Uma das coisas mais impressionantes, e constrangedoras para quem está no seu primeiro dia e não sabe o que fazer, é o bailado e a velocidade de execução durante a limpeza geral antes de todas as refeições e ao final do dia. A comida do staff? Nunca vi nada igual em qualquer dos restaurantes por onde passei. 2 a 3 saladas frias diferentes, 1 salada quente ou legumes salteados, um prato principal — que normalmente é algo tradicional do país dos estagiários responsáveis pela cozinha do staff nessa semana —  e ainda sobremesa e pão quente feito diariamente no restaurante. Tudo isto adaptado às diversas restrições alimentares e diferentes culturas presentes. Neste momento são cerca de 30 nacionalidades diferentes.

Nestas primeiras semanas tive a oportunidade de me juntar à equipa de foraging. Após uma viagem de 50 minutos, estávamos na quinta de Sorren Wiuff, o famoso agricultor conhecido por ter os melhores espargos brancos do planeta. Pude, entre outras coisas, apanhar (e comer) cerejas maduras e verdes diretamente da árvore, colher flor de sabugueiro, sabugueiro rasteiro ou cerefólio espanhol, uma planta extremamente doce com um sabor anisado e a alcaçuz. Percorremos ainda várias praias da costa Este da Dinamarca a apanhar mostarda da praia, rosas selvagens e portula, uma espécie de halófita muito comum por aqui. Esta ligação entre os estagiários e o local onde se produzem os produtos faz-nos olhar para os ingredientes de outra forma, esta é uma das razões pelas quais o Noma é especial. A ligação entre produtor-produto-cozinheiro que raramente temos aqui é vivida ao máximo.

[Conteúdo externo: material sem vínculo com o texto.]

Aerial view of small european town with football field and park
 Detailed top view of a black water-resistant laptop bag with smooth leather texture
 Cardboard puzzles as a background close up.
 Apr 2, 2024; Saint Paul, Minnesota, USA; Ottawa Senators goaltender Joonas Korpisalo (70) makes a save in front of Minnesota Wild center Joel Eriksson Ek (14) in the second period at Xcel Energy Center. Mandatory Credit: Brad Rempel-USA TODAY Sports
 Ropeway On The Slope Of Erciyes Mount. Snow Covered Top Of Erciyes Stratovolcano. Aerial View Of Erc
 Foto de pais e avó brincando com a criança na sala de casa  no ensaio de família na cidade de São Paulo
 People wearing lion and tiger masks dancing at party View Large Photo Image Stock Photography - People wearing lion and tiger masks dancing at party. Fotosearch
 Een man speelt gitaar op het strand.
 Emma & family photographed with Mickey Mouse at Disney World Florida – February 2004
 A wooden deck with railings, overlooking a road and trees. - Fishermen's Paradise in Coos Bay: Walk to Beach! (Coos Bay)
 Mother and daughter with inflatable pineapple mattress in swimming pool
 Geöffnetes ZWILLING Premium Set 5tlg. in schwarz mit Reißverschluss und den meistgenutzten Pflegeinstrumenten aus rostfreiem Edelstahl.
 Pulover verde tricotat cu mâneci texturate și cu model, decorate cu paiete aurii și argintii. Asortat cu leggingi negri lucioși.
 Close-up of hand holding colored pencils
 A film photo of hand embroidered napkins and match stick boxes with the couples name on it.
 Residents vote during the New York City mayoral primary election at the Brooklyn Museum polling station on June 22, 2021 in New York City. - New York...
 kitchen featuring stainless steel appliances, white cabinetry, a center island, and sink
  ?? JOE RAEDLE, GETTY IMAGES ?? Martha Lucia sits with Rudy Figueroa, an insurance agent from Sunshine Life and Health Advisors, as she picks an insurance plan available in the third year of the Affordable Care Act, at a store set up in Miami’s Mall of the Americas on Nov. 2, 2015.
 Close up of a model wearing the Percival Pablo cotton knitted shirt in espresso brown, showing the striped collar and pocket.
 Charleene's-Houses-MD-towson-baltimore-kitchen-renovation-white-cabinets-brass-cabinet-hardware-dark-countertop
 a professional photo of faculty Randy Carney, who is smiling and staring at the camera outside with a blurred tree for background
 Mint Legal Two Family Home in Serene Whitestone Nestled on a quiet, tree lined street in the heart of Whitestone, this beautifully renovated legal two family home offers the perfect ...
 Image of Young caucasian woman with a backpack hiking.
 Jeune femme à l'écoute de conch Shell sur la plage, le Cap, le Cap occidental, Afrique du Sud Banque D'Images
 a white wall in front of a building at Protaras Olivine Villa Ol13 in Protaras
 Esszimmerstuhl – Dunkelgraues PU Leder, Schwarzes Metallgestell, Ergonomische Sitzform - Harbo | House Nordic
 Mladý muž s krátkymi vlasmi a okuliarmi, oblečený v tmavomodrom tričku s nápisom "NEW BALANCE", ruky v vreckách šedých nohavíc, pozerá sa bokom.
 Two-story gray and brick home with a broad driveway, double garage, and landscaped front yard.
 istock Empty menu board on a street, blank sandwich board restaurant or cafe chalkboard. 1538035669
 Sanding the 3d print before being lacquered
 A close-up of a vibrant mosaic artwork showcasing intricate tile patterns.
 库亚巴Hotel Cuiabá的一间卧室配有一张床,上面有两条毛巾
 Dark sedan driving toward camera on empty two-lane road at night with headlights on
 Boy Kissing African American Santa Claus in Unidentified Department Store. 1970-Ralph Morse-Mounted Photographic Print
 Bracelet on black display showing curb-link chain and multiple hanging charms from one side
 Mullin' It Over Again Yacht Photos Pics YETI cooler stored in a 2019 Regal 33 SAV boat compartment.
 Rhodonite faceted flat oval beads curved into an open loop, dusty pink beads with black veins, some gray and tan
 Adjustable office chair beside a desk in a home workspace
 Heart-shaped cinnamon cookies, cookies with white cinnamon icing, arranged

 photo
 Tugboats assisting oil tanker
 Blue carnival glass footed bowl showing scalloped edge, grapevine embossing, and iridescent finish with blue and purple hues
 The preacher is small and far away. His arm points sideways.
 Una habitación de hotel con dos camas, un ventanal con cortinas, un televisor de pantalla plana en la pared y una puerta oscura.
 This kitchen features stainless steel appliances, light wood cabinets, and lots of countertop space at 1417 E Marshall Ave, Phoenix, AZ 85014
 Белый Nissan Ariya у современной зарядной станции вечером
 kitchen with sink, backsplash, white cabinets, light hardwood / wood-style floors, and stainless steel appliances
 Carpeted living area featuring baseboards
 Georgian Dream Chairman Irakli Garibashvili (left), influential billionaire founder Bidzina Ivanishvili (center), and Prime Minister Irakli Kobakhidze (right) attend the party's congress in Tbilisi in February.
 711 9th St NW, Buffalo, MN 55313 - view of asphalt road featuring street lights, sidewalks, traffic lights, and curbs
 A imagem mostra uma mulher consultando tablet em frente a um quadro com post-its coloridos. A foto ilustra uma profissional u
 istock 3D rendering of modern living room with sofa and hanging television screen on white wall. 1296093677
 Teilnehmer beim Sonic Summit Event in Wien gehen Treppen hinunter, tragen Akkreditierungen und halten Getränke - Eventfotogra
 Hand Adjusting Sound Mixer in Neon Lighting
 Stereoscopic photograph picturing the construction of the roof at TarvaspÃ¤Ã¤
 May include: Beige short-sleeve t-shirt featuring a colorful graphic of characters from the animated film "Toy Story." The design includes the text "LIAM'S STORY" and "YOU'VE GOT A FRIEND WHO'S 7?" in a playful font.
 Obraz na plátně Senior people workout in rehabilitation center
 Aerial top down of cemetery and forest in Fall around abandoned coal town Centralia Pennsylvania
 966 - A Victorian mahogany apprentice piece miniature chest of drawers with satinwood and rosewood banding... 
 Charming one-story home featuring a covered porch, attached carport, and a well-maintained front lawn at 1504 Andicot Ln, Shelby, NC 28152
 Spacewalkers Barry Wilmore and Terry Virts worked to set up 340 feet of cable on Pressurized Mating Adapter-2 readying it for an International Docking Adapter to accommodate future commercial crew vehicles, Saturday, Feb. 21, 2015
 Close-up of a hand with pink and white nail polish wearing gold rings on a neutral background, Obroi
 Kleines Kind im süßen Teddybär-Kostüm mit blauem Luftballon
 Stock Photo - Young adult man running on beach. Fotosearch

Conheci René Redzepi logo no primeiro dia enquanto separava flores de sabugueiro. Após cumprimentar todos os outros estagiários pelo nome e fazendo algumas perguntas sobre como tinham sido as suas folgas, aproximou-se de mim e, reconhecendo uma cara diferente,  perguntou-me o nome e de onde eu era. Sempre muito atencioso durante os dias seguintes cumprimentou-me sempre pelo nome e com um sorriso na cara, perguntando como me estava a sentir e se estava a gostar da experiência. Um trato bastante diferente, mais próximo e mais informal do que é costume para este tipo de restaurantes. Após as primeiras semanas percebi porque é que René Redzepi é René Redzepi — fosse a regar o jardim, a transportar paletes ou a limpar o chão, ele estava lá. Lidera pelo exemplo, e que exemplo!